Saturday, December 31, 2016

That was the year that was

This time last year, work, including some extra responsibilities, voluntarily taken on, that had spiralled beyond what I had expected, combined with the commute to the Science Park, and having to keep things functioning on the domestic front, had really ground me down. I didn't even manage to summon up the time and energy for several of the needful gardening chores (woodwork maintenance and apple tree pruning) across the holiday break.

So, sooner than I had planned (meaning to do it this coming year, as a down-shift towards retirement), I applied for reduced working hours, which cut in from the start of May.

That did the trick for the moment -- I've been able to attend more to things that are neither work nor the bare minimum of domestic chores. That included enough time in the garden to do pre-emptive weeding, even suppressing the bindweed as it emerged, as well as time to do more in the kitchen than simply heat up ready-meals every day, while still leaving time to just kick back and unwind. I even managed to do a tiny bit of side-project coding (hence the few posts on Rust in recent months), which is up on the zero I managed in 2015.

In the wider world, what a year it's been, too.

A year ago, we didn't know the date when Cameron (who he?) would call the referendum he'd been bounced into, and I expected it would be late 2017 and the status quo would prevail; and I was expecting that Hillary would comfortably beat whichever of Ted Cruz or Marco Rubio (who they?) won the Republican nomination. At the end of the year, what had transpired was beyond anything I could reasonably have hoped for.

What I hadn't expected was the number of people I follow on the internet who I thought were reasonable and level-headed, yet who completely lost it following the election of a New York liberal to the Presidency, like they actually believed all the "literally Hitler" caricatures.

It all means 2017 is going to be interesting, though I devoutly hope, not too much in the Chinese sense.

December Cycling

Up to 14369.0, ??, 126.1 -- with the odo on my main bike having failed on the last journey home from work for the year, so 19.6 + three commutes, including some long way round + two shopping trips + 4.1, at most being 120-ish miles, or 3340 at year end. There was too much to do in the garden to have spent much time on two wheels over the holiday. But I have fitted a new odo to the main bike and will be counting from 0 rather than making up a number around 4600 for the total miles done so far on that one.
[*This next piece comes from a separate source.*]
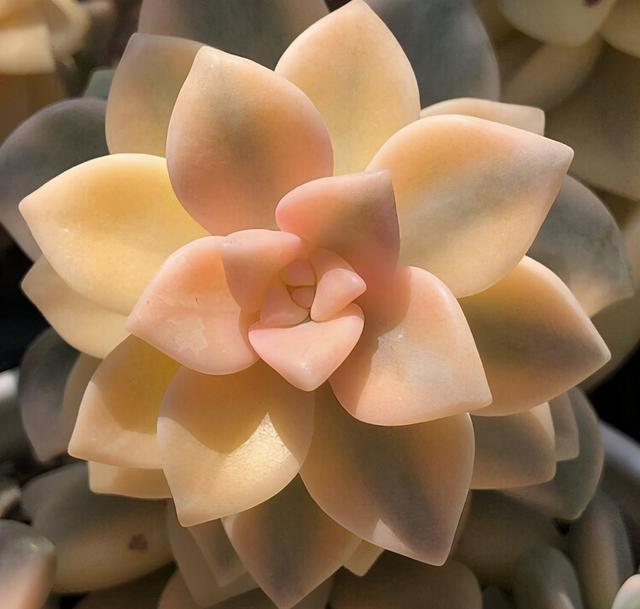 走下神坛的"出锦多肉",含蕊微红"缀化快",柔情万千仙气十足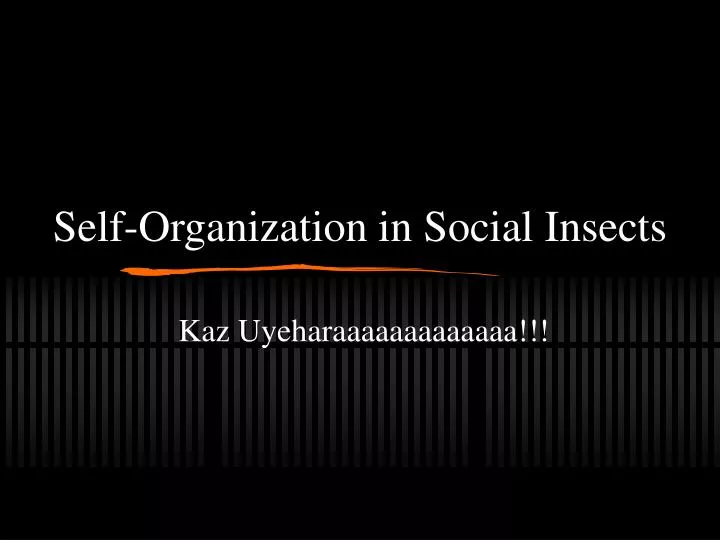 self organization in social insects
With the likelihood of driving a couple of days most weeks in the coming year, I'm not setting myself any new personal best or even better-than-last-year targets.

Wednesday, December 21, 2016

Bringing your consumer NAS onto a static IP or non-standard DHCP subnet

Having gone through this again recently, as I upgraded from the Seagate Central I bought a couple of years back to a later and bigger version, a note to self for when I go through the exercise again in a couple of years, to save having to put it together again --

  1. This is the Secret Sauce : with a dual-NIC computer (e.g. one that's on the home subnet on WiFi but also has an unused ethernet port) set up Internet Connection Sharing of the WiFi to the ethernet. That makes that PC act as a DHCP server on the default 192.168.0/8 subnet on the ethernet link, which is where we can bootstrap the process.
  2. Connect the NAS and the PC to a switch.
  3. Now administer the NAS from the PC to configure its network settings to your main home subnet.
  4. Do not panic if the NAS admin page tells you the reconfigure has not been saved because contact has been lost with the device.
  5. Unplug the NAS from the switch and connect to your router.
  6. Now breathe a sigh of relief as you can now see the NAS on the main network, then complete the NAS set-up.

The presence of known vulnerabilities in consumer NAS software means that it is also advisable, after a first firmware update, to close all outbound connections from the device, apart from DNS (which tends to be the protocol used for connection liveness testing), so it doesn't go calling out to any remote access server. You do block all the inbound connections already, don't you?

Yes, this means you can't watch your movies while on holiday, but if that's what you want to do, why ever go anywhere in the first place?